= Joan Centrella =

American astrophysicist

Joan Mary Centrella is an American astrophysicist known for her research on computer simulations of general relativity, gravity waves, gravitational lenses, and binary black holes. She is the former deputy director of the Astrophysics Science Division at NASA's Goddard Space Flight Center, and is Executive in Residence for Science and Technology Policy at West Virginia University.

==Education and career==
Centrella graduated summa cum laude from the University of Massachusetts Amherst in 1975. She completed a Ph.D. at the University of Cambridge Institute of Astronomy in 1980.
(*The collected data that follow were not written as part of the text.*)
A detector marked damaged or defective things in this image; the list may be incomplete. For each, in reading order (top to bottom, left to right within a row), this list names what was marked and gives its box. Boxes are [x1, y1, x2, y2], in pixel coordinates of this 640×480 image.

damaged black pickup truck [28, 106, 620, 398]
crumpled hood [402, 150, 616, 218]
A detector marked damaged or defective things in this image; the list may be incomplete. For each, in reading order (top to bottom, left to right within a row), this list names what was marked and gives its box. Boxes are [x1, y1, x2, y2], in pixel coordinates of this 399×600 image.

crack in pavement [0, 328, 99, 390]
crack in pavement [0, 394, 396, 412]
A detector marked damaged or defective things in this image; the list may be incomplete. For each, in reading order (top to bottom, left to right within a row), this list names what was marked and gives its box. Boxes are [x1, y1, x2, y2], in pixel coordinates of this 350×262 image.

After postdoctoral research at the University of Texas and University of Illinois, and an additional year as an astronomy lecturer at the University of Texas, she became an associate professor of physics at Drexel University in 1984. She moved to the Goddard Space Flight Center in 2001, and became deputy director in 2010. She moved again to West Virginia University in 2019.

==Recognition==
Centrella was elected as a Fellow of the American Physical Society in 1998. NASA awarded her the NASA Exceptional Scientific Achievement Medal in 2007, the John C. Lindsay Memorial Award for Space Science in 2008, and the Robert H. Goddard Exceptional Achievement Award for Mentoring in 2013.